To clarify, energy and "angular" momentum are quantized in systems such as
atoms.  In an atom, the electron is only allowed to be in discrete (or
quantized) energy levels or orbitals.  This explains why we see discrete
spectral lines for atoms and molecules.  Also, the quantization of angular
momentum means that a particle can only have an angular momentum which is a
multiple of h/2Pi where h is Planck's constant (definitions of these
terms can be found at http://roland.lerc.nasa.gov/~dglover/dictionary/
).

Planck length and time are what we derive when we take the natural
constants G (universal gravitational constant), h (Planck's constant), and
c (the speed of light) and rearrange them so that we get the units of
length and time.  The planck length turns out to be about 10^(-35) meters
and planck time is 10^(-43) seconds.  This does not mean that time and
space are not continuous (see http://www.madsci.org/posts/archives/mar97/853895142.Ph.r.html
).  It turns
out that these are just the physical limits to our current theories.  For
this reason, we can't say what happened in the universe before 10^(-43)

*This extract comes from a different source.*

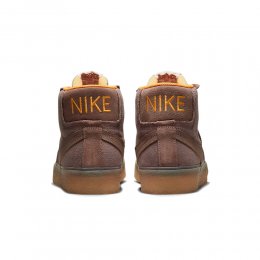 Incaltaminte Nike SB Zoom Blazer Mid Prm Plus Plum Eclipse/Kumquat/Gum Yellow/Plum Eclipse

seconds after the big bang.  Quantum mechanics breaks down here, and
physicists are still working on a theory that pushes these limits.  It
turns out that the ratio of planck length and time is c, the speed of
light, which is an upper limit to how fast something in the Universe can
travel.

As I mentioned above, electrons can only have discrete (quantized)
energies in atoms.  However, if you have a particle by itself, you can hit
it with a photon and give it any velocity.  This is because a photon's
momentum is Planck's constant/wavelength (momentum and energy do not depend
on mass here since the photon is massless).  You can have a continuous
spectrum of photons (and hence continuous values of momentum are possible),
so you could give a free particle any velocity (less than the velocity of
light, but that's getting into Relativistic Theory).